> WHAT IS REQUIRED
Pull out the lines from the one containing "High Quality Professional" through the final line of the listing below and repeat them exactly. Leave the pictures behind.

> SOURCE DATA
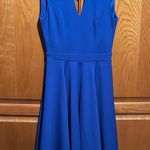XOXO Elegant Royal Blue cut out Sleeveless Beaded Dress size XS BNWT- never worn Photo 8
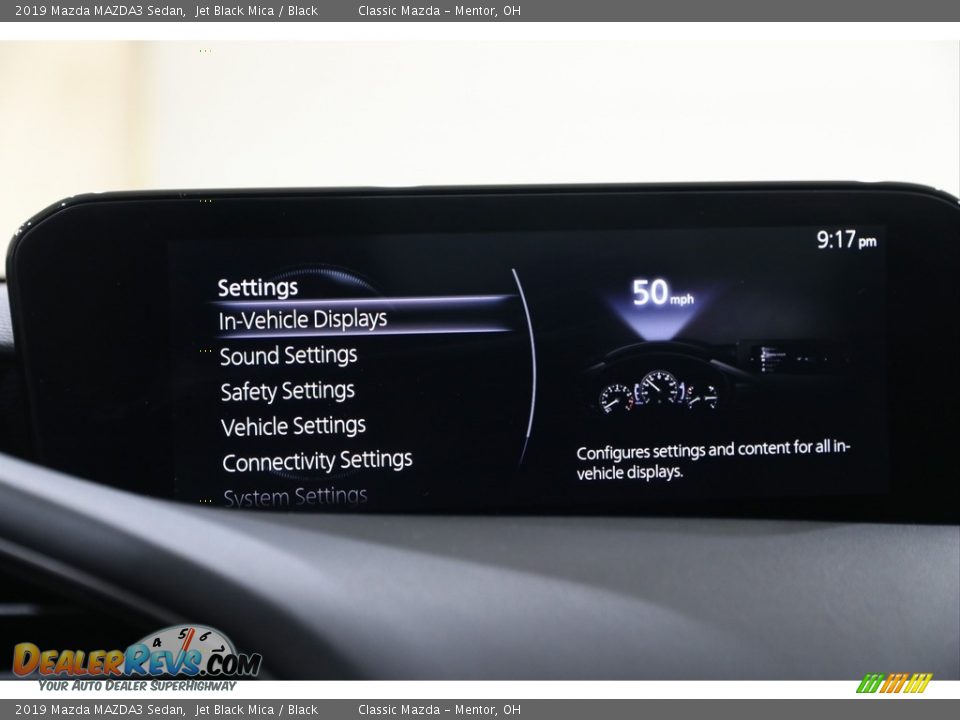 2019 Mazda MAZDA3 Sedan Jet Black Mica / Black Photo #15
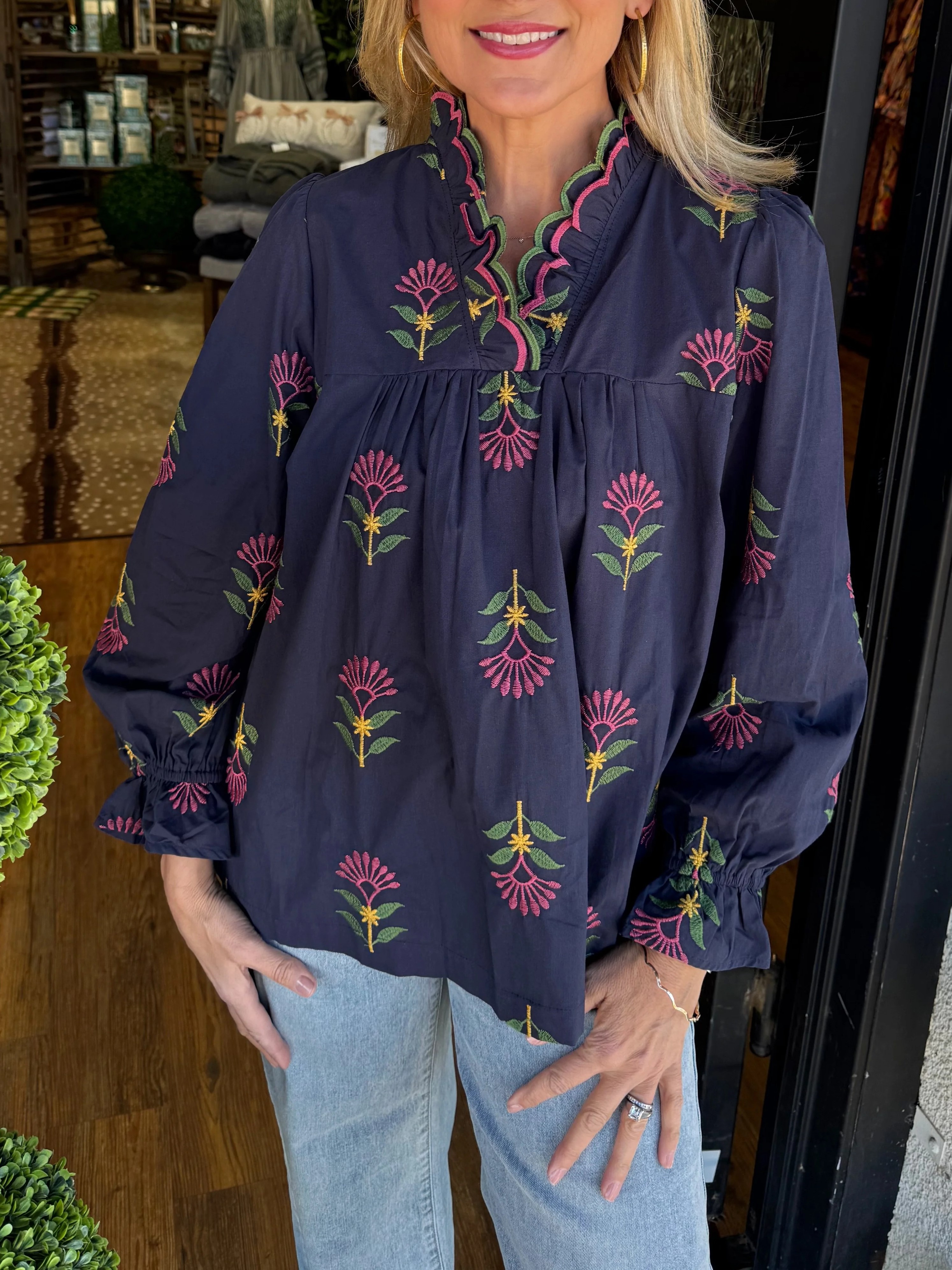 Women's Boho Ruffle-Neck Blouse (Buy 2 Free Shipping)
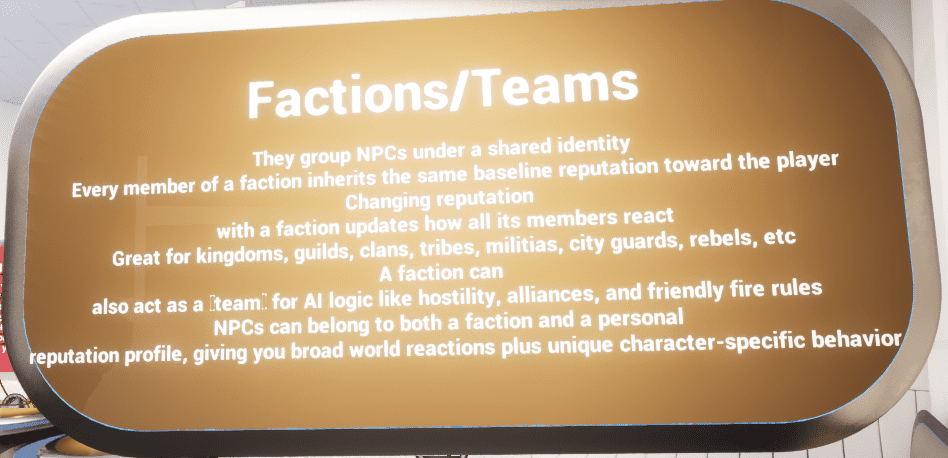 Faction Reputation screenshot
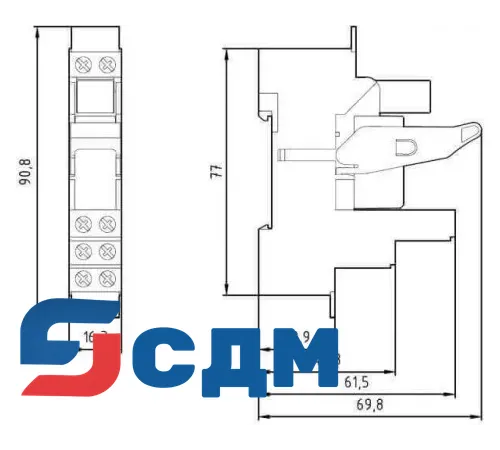 LZS:RT3B4T30 Промежуточные реле Siemens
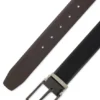 Reversible leather belt with smooth and textured finishes Reversible leather belt with smooth and textured finishes
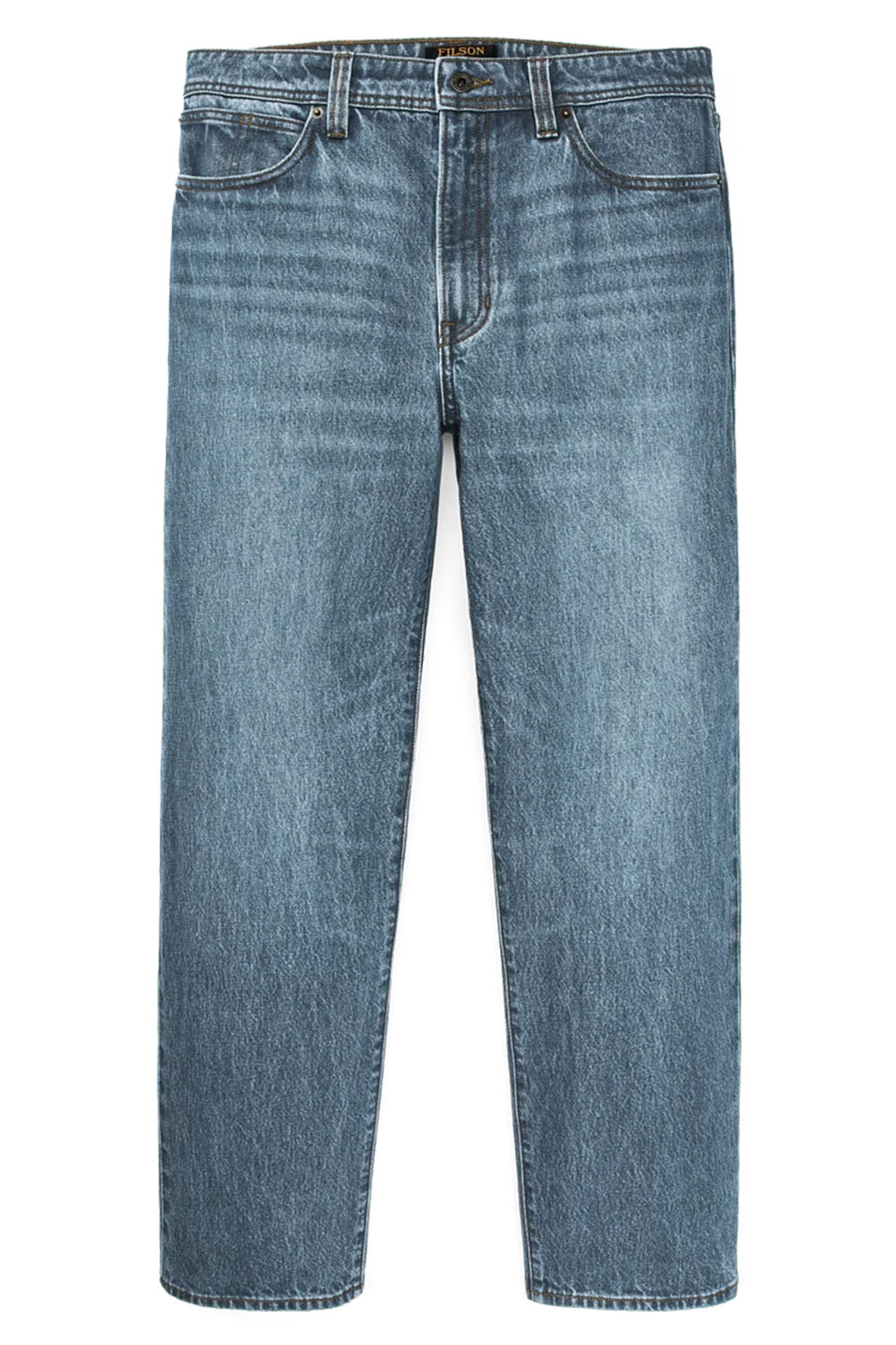 Filson - 14oz Straight Leg Jean - Vintage Indigo - Flatlay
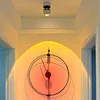 Sunset Lamp Ceiling Spotlgiht Lighting Surface Mount Entryway Photo Painting Wall Sconces Angle Adjustable Red Halo Rotatable Ceiling Lamps for Bedroom Living Room Decor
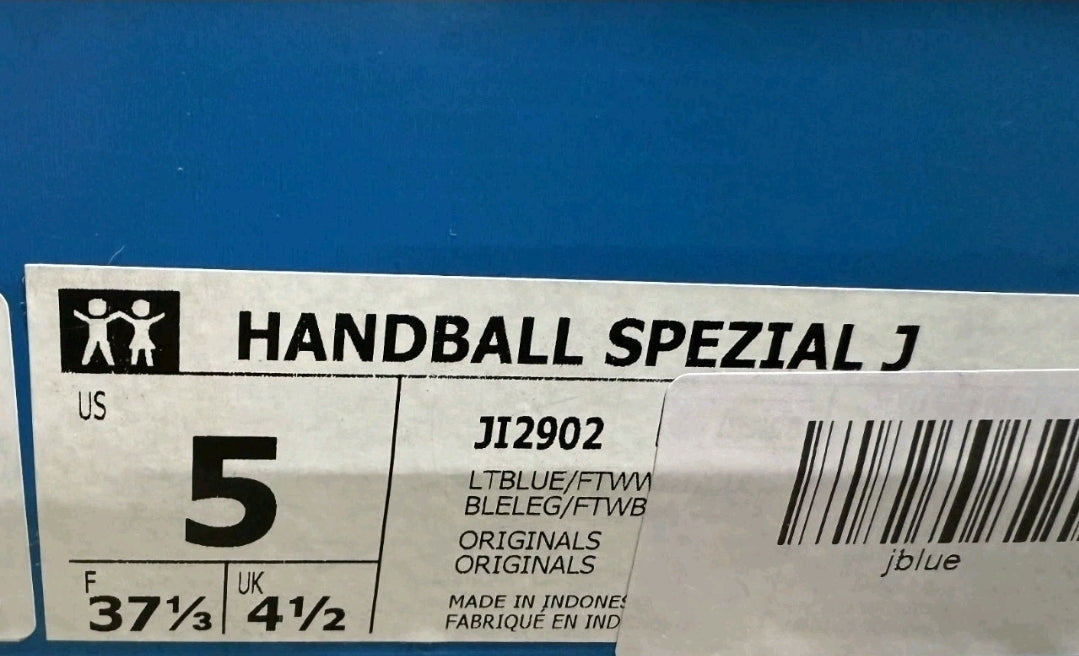New Adidas Handball Size 5 Spezial J Light Blue JI2902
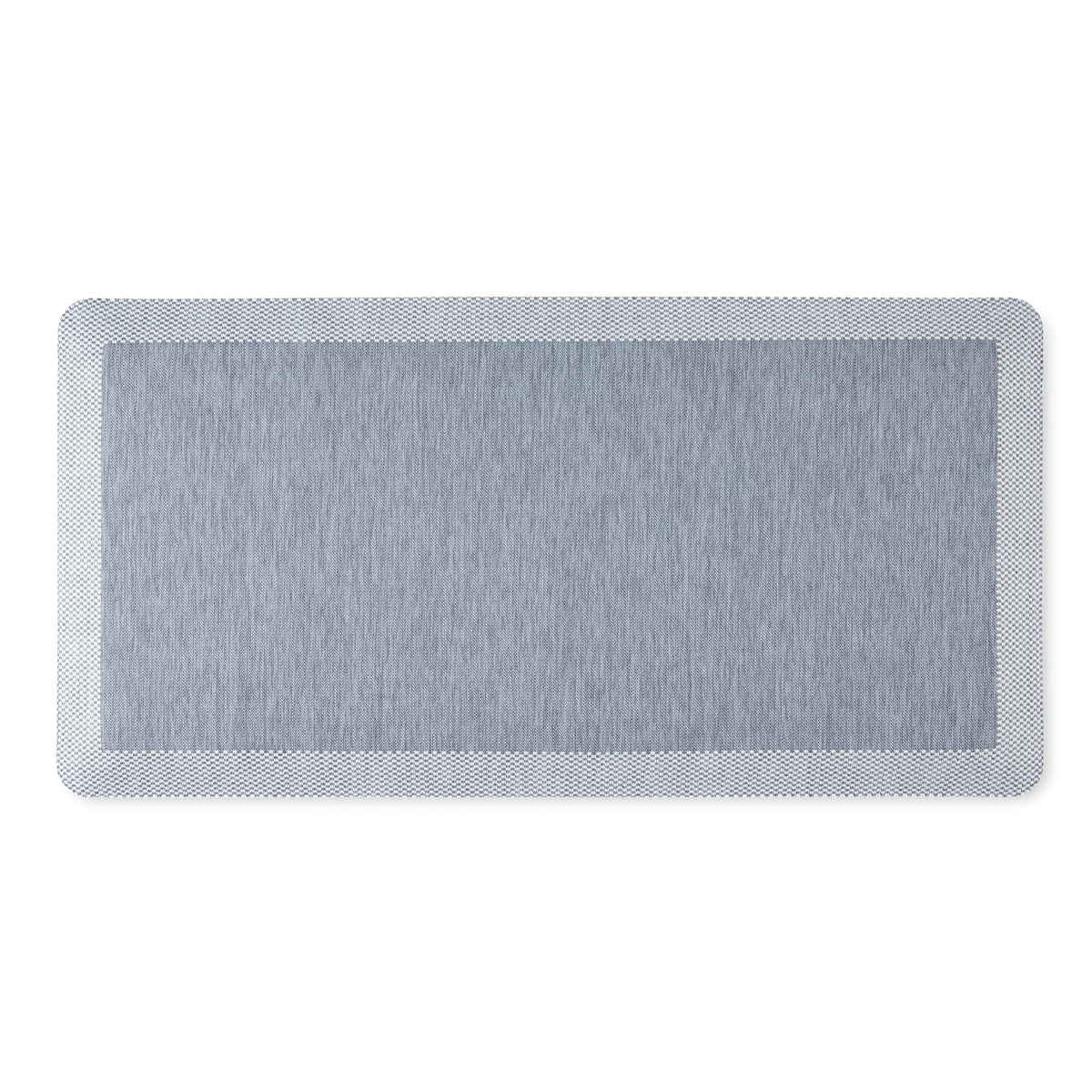 Martha Stewart Mira Modern Heathered Anti-Fatigue Air-Infused Kitchen Mat, Blue, 19.6"x39" - Product image 1
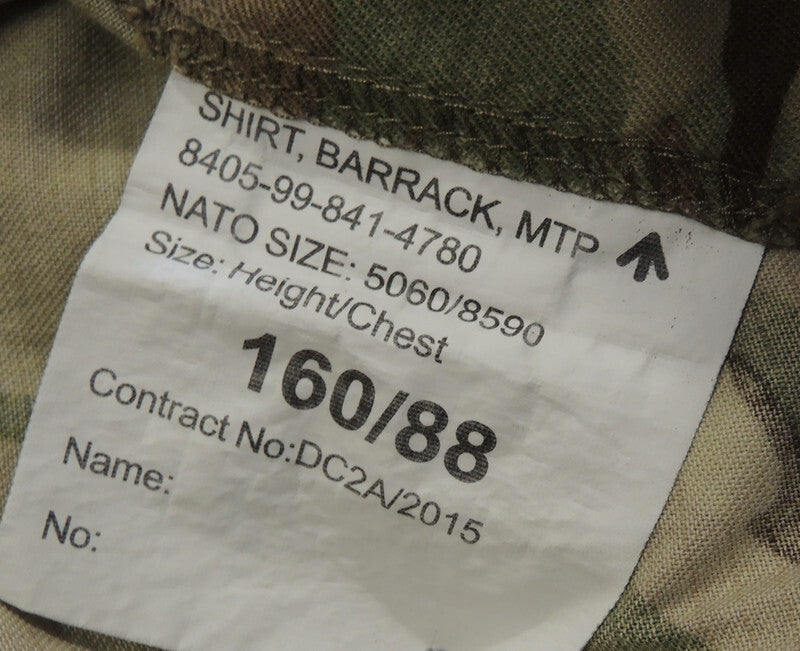 Bluza Wojskowa brytyjska 160/88 II Gat MTP Oryginalna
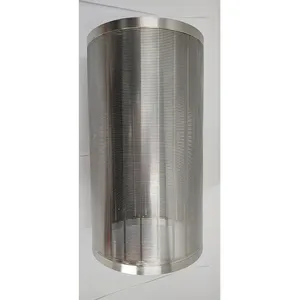 High Quality Professional Manufacturer Hydraulic Oil Stainless Steel Wedge Filament Filter Element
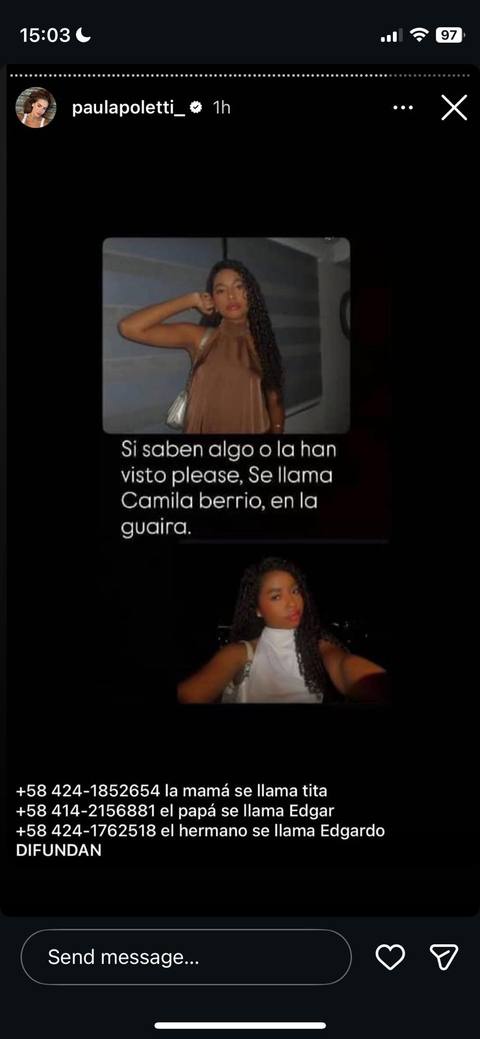 Foto de Camila Berrios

> REPLY TO THE EXERCISE
 High Quality Professional Manufacturer Hydraulic Oil Stainless Steel Wedge Filament Filter Element
 Foto de Camila Berrios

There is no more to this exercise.